Luis Miguel Rabanal. Epílogo de Alberto. R. Torices. Ed. Leteo, León, 2010. 110 pp.

Aunque tratado con injusticia en el mundo de la poesía, por la reducida difusión de su amplia obra, Luis Miguel Rabanal es, en ámbitos reducidos, un poeta muy admirado. Dando un sesgo en su creación, en 2009 se adentró en el mundo de la narrativa breve con una obra de título sorprendente, Elogio del proxeneta. Continuando la experiencia presenta ahora esta serie de relatos agavillados con un título extenso, de consciente y atractiva ambigüedad. Con una suerte de humildad y acaso una irónica captatio benevolentiae Rabanal habla de «casicuentos», calificativo explicable: no son cuentos en el sentido tradicional; son visiones fugaces de la vida, elaboradas con un delicado lirismo en el que abundan finísimas sinestesias y evocadoras visiones impresionistas.

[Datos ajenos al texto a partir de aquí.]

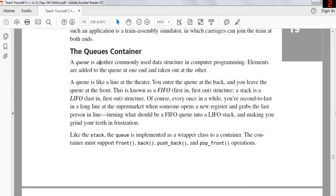A queue is just like a line at a theater — you enter the queue at the back and leave at the front. It's a first-in-first-out structure, whereas a stack is last-in-first-out. Like the stack, the queue is implemented using a wrapper to a container. The container must support front, back, push_back, and pop_front operations.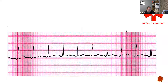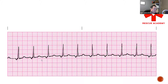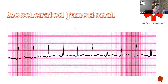What happened to the P-waves here? We have inverted P's. We still have atrial contractions occurring but they're flipped upside down, and they're before the QRS complexes. Our QRS complexes are still narrow. We have a rate of about 100 — maybe just over 100, but not quite close enough — it's accelerated junctional.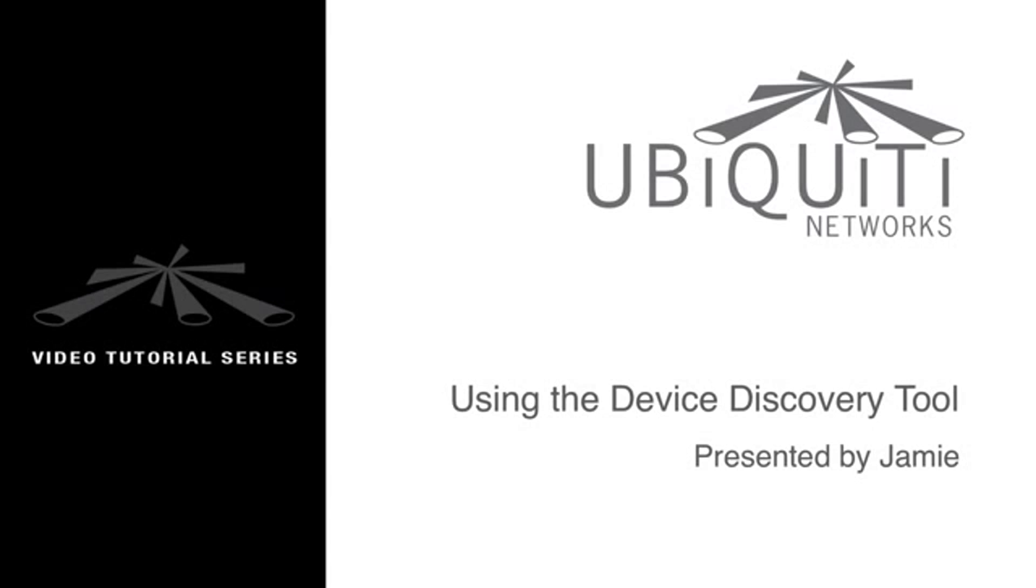This is Jamie from Ubiquiti Networks and I'll be guiding you through the setup and use of the device discovery tool. The tool is freely available for download on our website.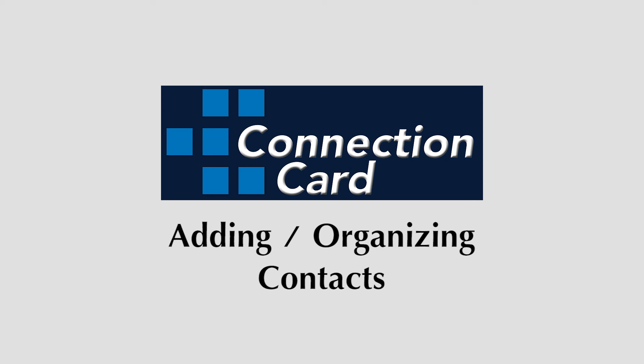This has been an overview of persons and contacts within Connection Card. If you still have questions, please review the help documents and tutorials specific to each aspect.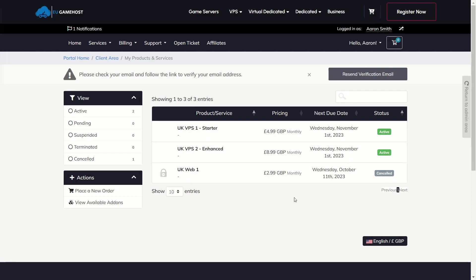So you're no longer going to see a service here either that says DDoS Manager, that's gone. It was a bad way of doing it, it wasn't automatic and it was overly complex.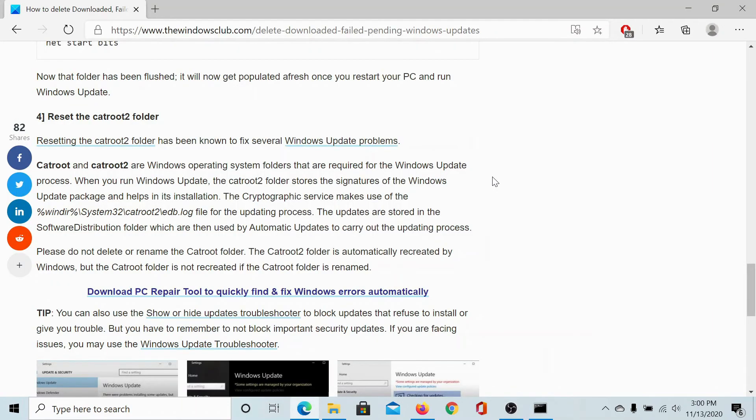Lastly, if all the above solutions fail to help you, you can consider resetting the CatRoot2 folder which has been explained as the fourth solution in this article. It's a little longer procedure.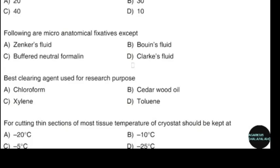Saturated formaldehyde solution in water is of what percentage? Correct answer: option C — 40%. Following are micro-anatomical fixatives, except. Correct answer: option D — Clark's fluid.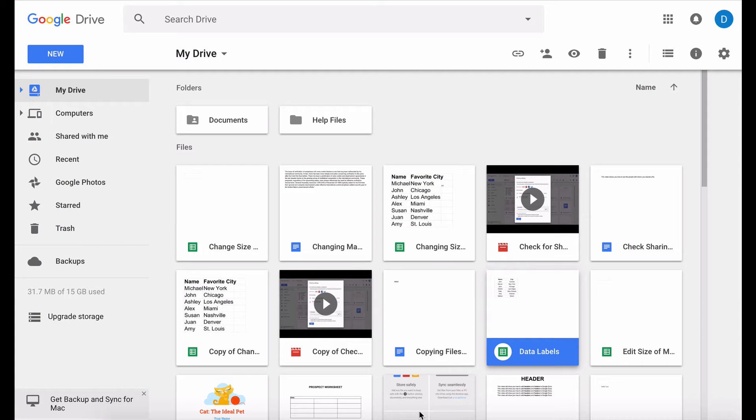This is Darius from therabbitpad.com and in this video I'm going to show you how to create and print mailing labels or any type of label in Google Docs.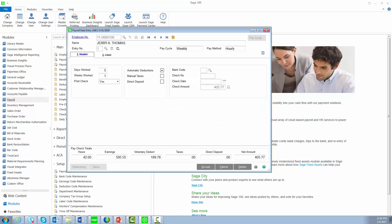In Payroll Data Entry, we've added a hyperlink on the Employee Number field, allowing access to employee maintenance if you have the proper security rights. The Look Up button will display a list of all active employees.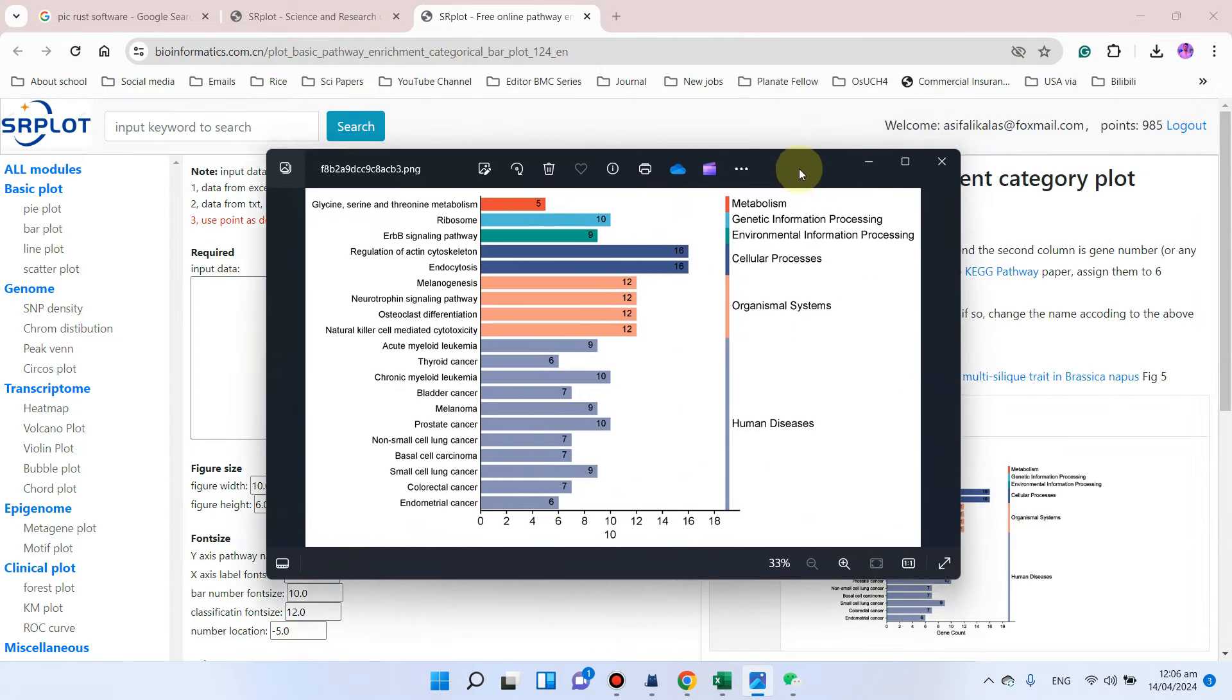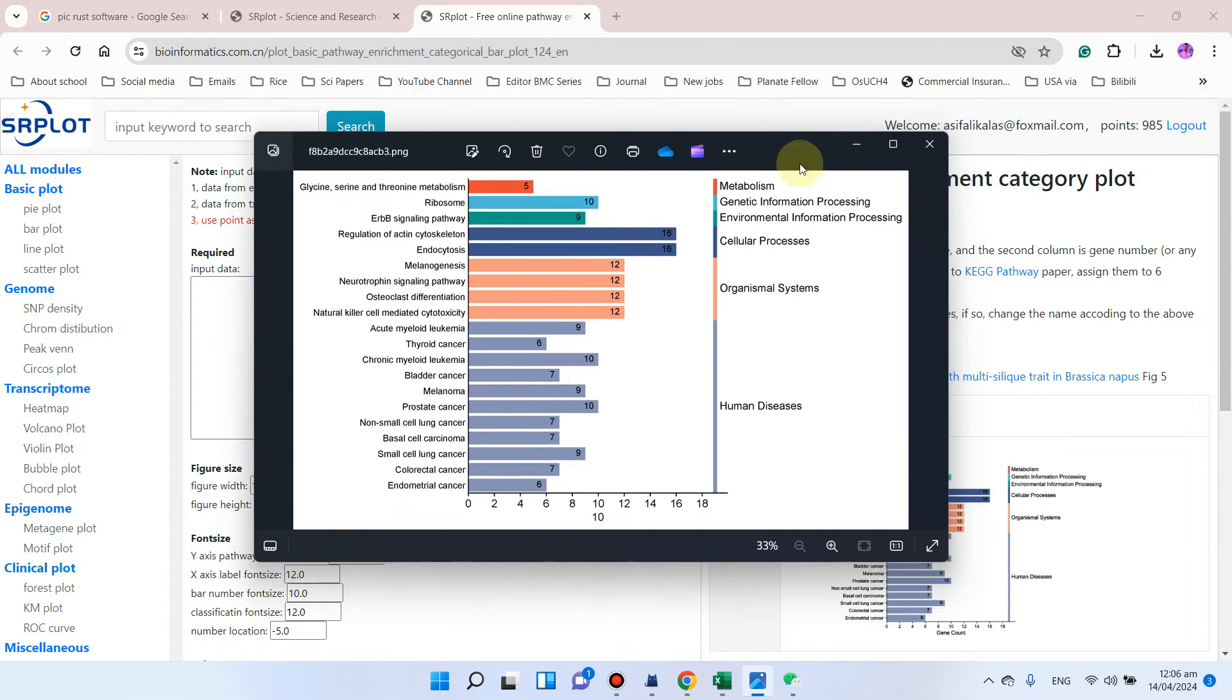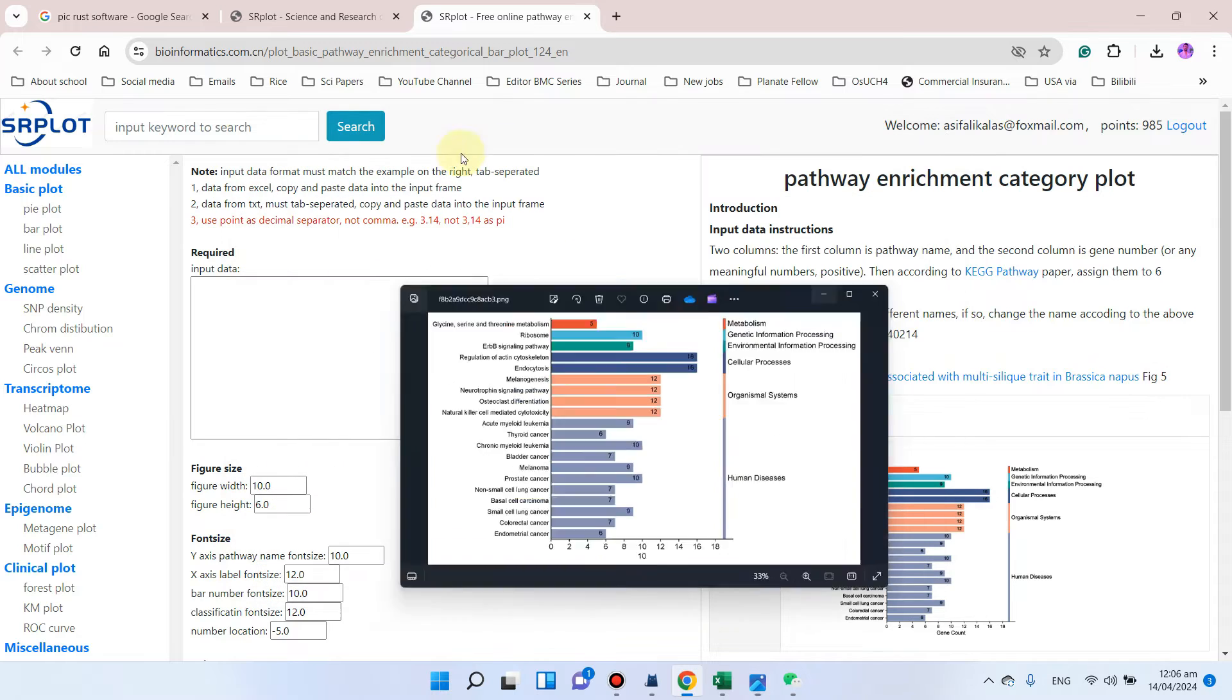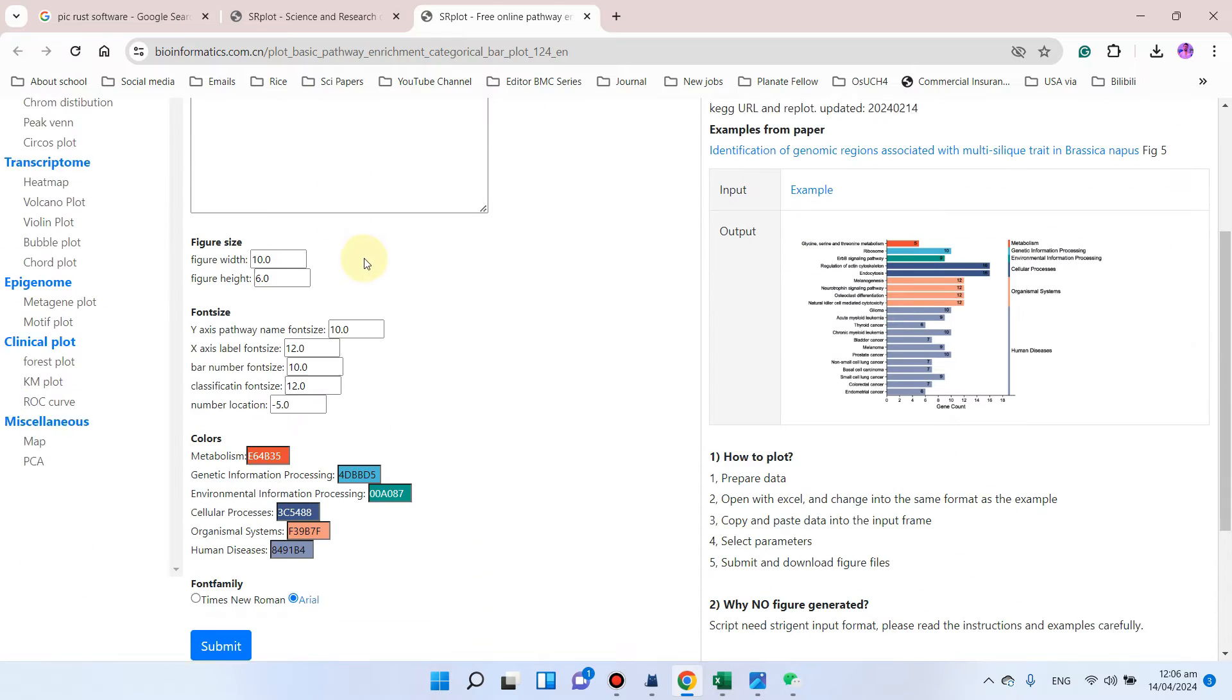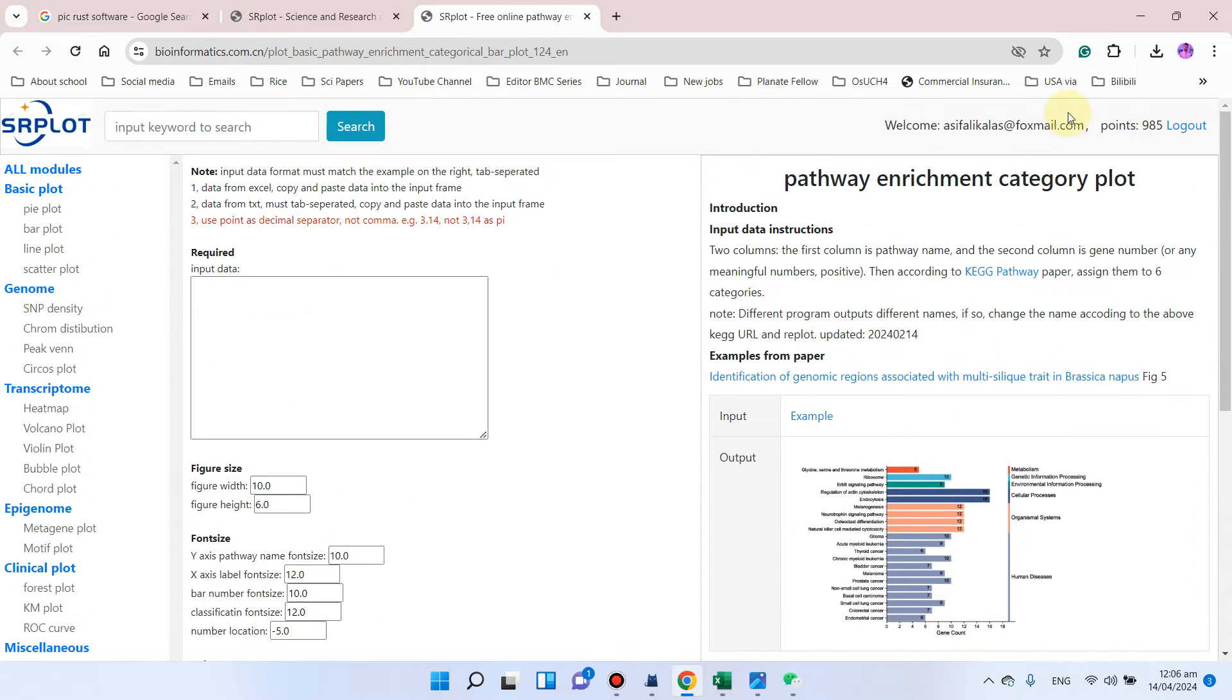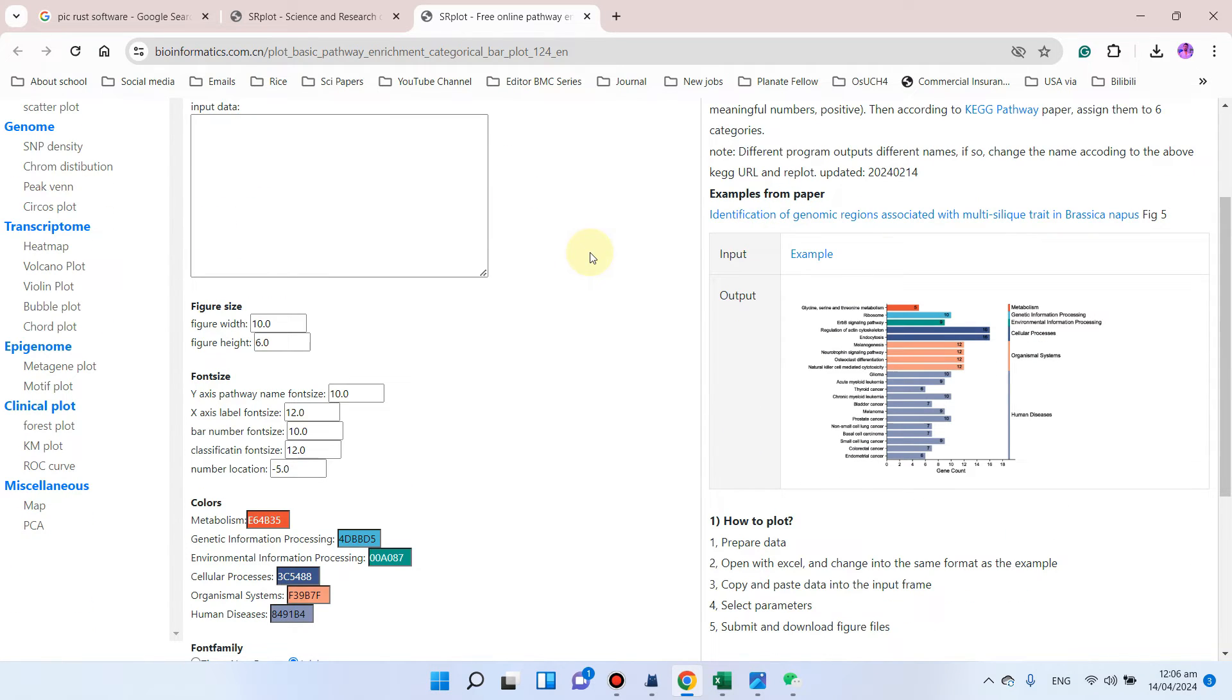For this we will be using the srplot website, and as we know, this srplot website is totally free for researchers and you can create a free account on this.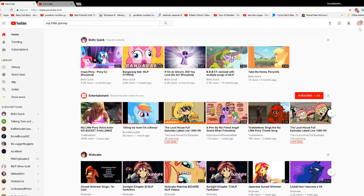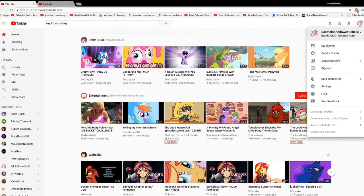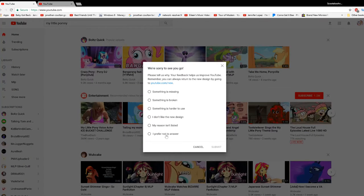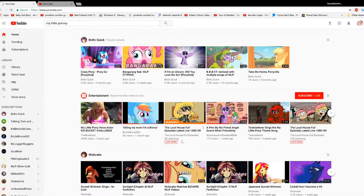First, you just want to go to your profile picture here and click on "Restore old YouTube." After this, you want to hit "I prefer not to answer," or whatever you want here, and hit Submit.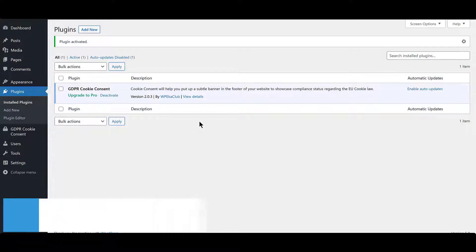Remember that GDPR Cookie Consent Pro plugin requires the latest free version of the plugin to be installed and activated first.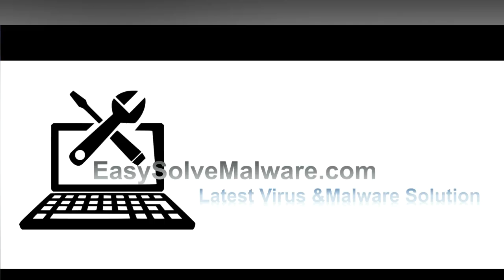That's all. Thank you for watching the video from EasySolveMalware.com. We hope it solved your problem and we'll see you next time.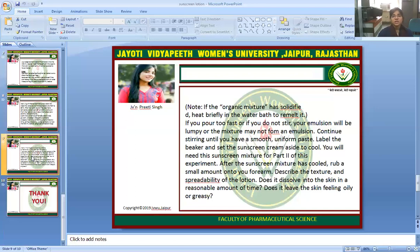This digital session is powered by the digital version 2.0, Jyoti Vidya Peeth Women's University. I hope you are satisfied with this digital session. If you have any queries, please mention them in the comment box and I will resolve your problem in a problem-resolving class. Thank you for listening.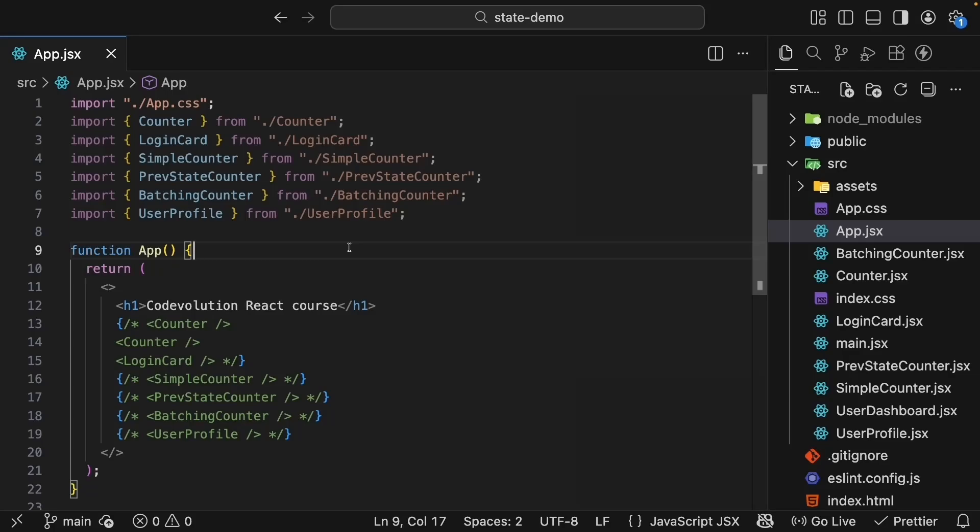We just spent some time learning how to work with objects in state. But what about collections of data? In this lesson, we'll learn how to work with arrays in state.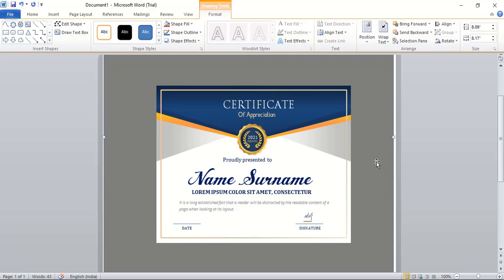Now the certificate is ready. I hope you understood all the steps. See you in the next video.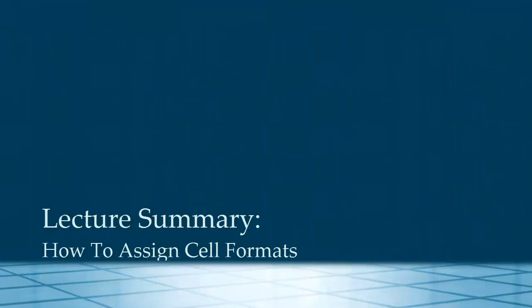In summary, in this lecture we've looked at setting cell formats and we've looked at date, general, number and currency accounting formats.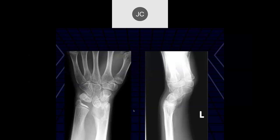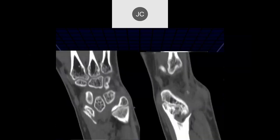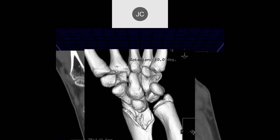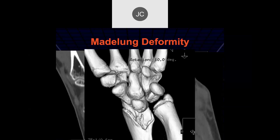We see a deformity of the distal radius, a pointed lunate, probably a little negative ulnar variance with a flexor deformity. On CT scan and 3D reconstruction this is more clearly seen. This is just a more prominent Madelung deformity.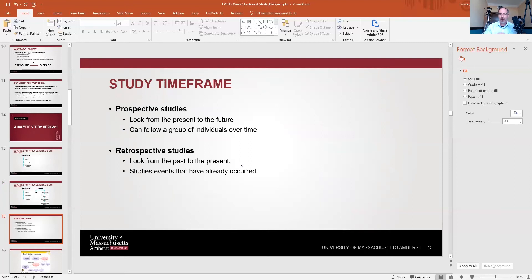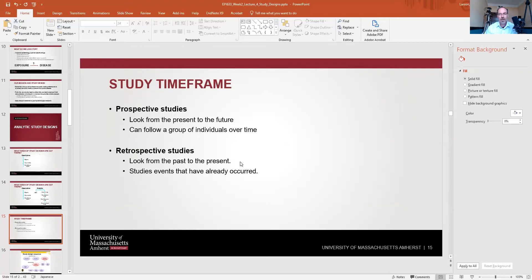There are two different study time frames. Prospective studies look from the present into the future, following groups of individuals over time. Retrospective studies look from the past to the present and study events that have already occurred. Cross-sectional studies arguably represent a third category, though in most epidemiology texts you'll see just these two categories.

No hay en estos bellísimos cuentos ningún eco costumbrista, todo queda tamizado por el lirismo. El paisaje y los sentimientos humanos que incluyen, desde el más profundo amor hasta el suicidio, forman una verdadera poética humana. De ahí la expresión del epígrafe: «De un solo anochecer se ha de reconstruir la infancia», incluida en «Casi el dolor», un relato de ambiguo y desolado final: «Al anochecer siempre le faltan los aguzos y le sobran desgracias. Por eso es tan cobarde» (p. 26). Tal vez porque la infancia sigue siendo el refugio del hombre ante la dureza de la vida.

Hay una extraña polisemia en la descripción del paisaje (paisaje de Olleir, no lo olvide el lector) refugio casi siempre de recuerdos y vivencias infantiles que el tiempo ha transformado en alegorías de sentimiento: el primer beso, el dolor por la marcha, la soledad, la muerte... se asocian siempre a un marco delicado, casi imperceptible. La intensidad del dolor es a veces motivo de tragedia entrevista: «La carcajada de la bruja encantadora que te ofreció su navaja de herrumbre para cortar los hilos destrenzados de tu suerte» (p. 39). El paisaje desaparece a veces, por el impacto feroz del desarrollo, porque «Crecimos en este carrusel de los poderes», escribe aludiendo a la construcción de la presa. O «Aquel día fue el último día de gracia de los pinos», arrastrados por el tractor. De ahí la honda melancolía: «Hoy es octubre, casi siempre es octubre» (p. 33).

Esta armonización de lo real en el pasado y la visión mágica de los recuerdos tiene con frecuencia un final expresado en lírico epifonema, una especie de observación filosófica o, cuando menos trascendental, casi siempre empapada de tristeza o pesimismo. Pero siempre con un sentido universal. Ese sustrato psicológico, fuente esencial de la creación estética, está perenne en la belleza de esta obra, en excelente edición del grupo Leteo.

Es posible que algunos lectores observen en estos casicuentos de Luis Miguel Rabanal ecos de la visión del paisaje de Julio Llamazares en sus libros de poesía. Y tal vez otros de esos lectores piensen en los bellísimos relatos de Pablo Andrés Escapa. Si tal cosa ocurriera deberíamos darnos fervientes parabienes literarios. Todo ello colaboraría a la difusión de una obra que, ya se dijo, no ha recibido el justo reconocimiento.

Alberto R. Torices lo denuncia con claridad en su valiente «Epílogo»: «Pero es grande el asombro al comprobar que casi toda la amplia bibliografía de Luis Miguel Rabanal, incluidos estos casicuentos, ha sido editada por sellos incapaces de darle el debido alcance, el obligado vuelo. Que este haya sido el caso de Rabanal durante décadas resulta escandaloso; que hoy día lo siga siendo aún, casi nos hace perder la fe en la humanidad; desde luego, sí en cierta humanidad».